Код с собственными комментариями следующий:
reg.output.search.with.test<- function (search_object) { ## input an object from a regsubsets search
## First build a df listing model components and metrics of interest
search_comp<-data.frame(R2=summary(search_object)$rsq,
adjR2=summary(search_object)$adjr2,
BIC=summary(search_object)$bic,
CP=summary(search_object)$cp,
n_predictors=row.names(summary(search_object)$which),
summary(search_object)$which)
## Categorize different types of predictors based on whether '.' is present
predictors<-colnames(search_comp)[(match("X.Intercept.",names(search_comp))+1):dim(search_comp)[2]]
main_pred<-predictors[grep(pattern = ".", x = predictors, invert=T, fixed=T)]
higher_pred<-predictors[grep(pattern = ".", x = predictors, fixed=T)]
## Define a variable that indicates whether model should be reject, set to FALSE for all models initially.
search_comp$reject_model<-FALSE
for(main_eff_n in 1:length(main_pred)){ ## iterate through main effects
## Find column numbers of higher level ters containing the main effect
search_cols<-grep(pattern=main_pred[main_eff_n],x=higher_pred)
## Subset models that are not yet flagged for rejection, only test these
valid_model_subs<-search_comp[search_comp$reject_model==FALSE,]
## Subset dfs with only main or higher level predictor columns
main_pred_df<-valid_model_subs[,colnames(valid_model_subs)%in%main_pred]
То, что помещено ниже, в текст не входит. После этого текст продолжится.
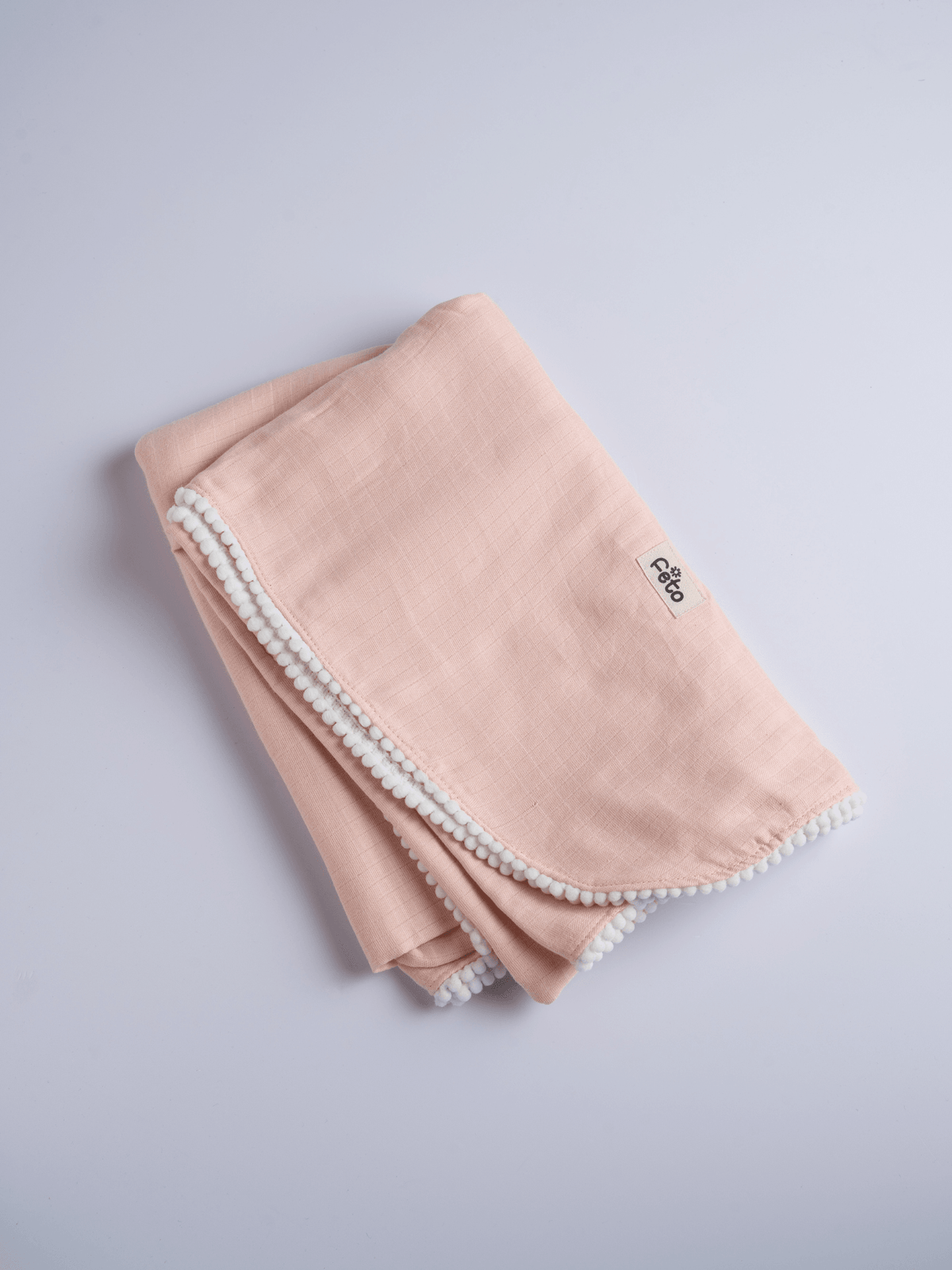 POM POM BLANKET & TOWEL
higher_pred_df<-valid_model_subs[,colnames(valid_model_subs)%in%higher_pred]
if(length(search_cols)>0){ ## If there are higher level pred, test each one
for(high_eff_n in search_cols){ ## iterate through higher level pred.
## Test if the intxn effect is present without main effect (working with whole column of models)
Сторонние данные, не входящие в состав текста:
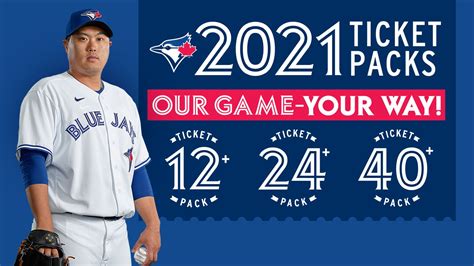 Tickets | Toronto Blue Jays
test_responses<-((main_pred_df[,main_eff_n]==FALSE)&(higher_pred_df[,high_eff_n]==TRUE))
valid_model_subs[test_responses,"reject_model"]<-TRUE ## Set reject to TRUE where appropriate
} ## End high_eff for
## Transfer changes in reject to primary df:
search_comp[row.names(valid_model_subs),"reject_model"]<-valid_model_subs[,"reject_model"
} ## End if
} ## End main_eff for
## Output resulting table of all models named for original search object and current time/date in folder "model_search_reg"
current_time_date<-format(Sys.time(), "%m_%d_%y at %H_%M_%S")
write.table(search_comp,file=paste("./model_search_reg/",paste(current_time_date,deparse(substitute(search_object)),
"regSS_model_search.csv",sep="_"),sep=""),row.names=FALSE, col.names=TRUE, sep=",")
} ## End reg.output.search.with.test fn
Код без комментариев следующий:
reg.output.search.with.test<- function (search_object) {
search_comp<-data.frame(R2=summary(search_object)$rsq,
adjR2=summary(search_object)$adjr2,
BIC=summary(search_object)$bic,
CP=summary(search_object)$cp,
n_predictors=row.names(summary(search_object)$which),
summary(search_object)$which)
predictors<-colnames(search_comp)[(match("X.Intercept.",names(search_comp))+1):dim(search_comp)[2]]
main_pred<-predictors[grep(pattern = ".", x = predictors, invert=T, fixed=T)]
higher_pred<-predictors[grep(pattern = ".", x = predictors, fixed=T)]
search_comp$reject_model<-FALSE
for(main_eff_n in 1:length(main_pred)){
search_cols<-grep(pattern=main_pred[main_eff_n],x=higher_pred)
valid_model_subs<-search_comp[search_comp$reject_model==FALSE,]
main_pred_df<-valid_model_subs[,colnames(valid_model_subs)%in%main_pred]
higher_pred_df<-valid_model_subs[,colnames(valid_model_subs)%in%higher_pred]
if(length(search_cols)>0){
for(high_eff_n in search_cols){
test_responses<-((main_pred_df[,main_eff_n]==FALSE)&(higher_pred_df[,high_eff_n]==TRUE))
valid_model_subs[test_responses,"reject_model"]<-TRUE
}
search_comp[row.names(valid_model_subs),"reject_model"]<-valid_model_subs[,"reject_model"
}
}
current_time_date<-format(Sys.time(), "%m_%d_%y at %H_%M_%S")
write.table(search_comp,file=paste("./model_search_reg/",paste(current_time_date,deparse(substitute(search_object)),
"regSS_model_search.csv",sep="_"),sep=""),row.names=FALSE, col.names=TRUE, sep=",")
}
Любая помощь с этим будет высоко ценится! Спасибо!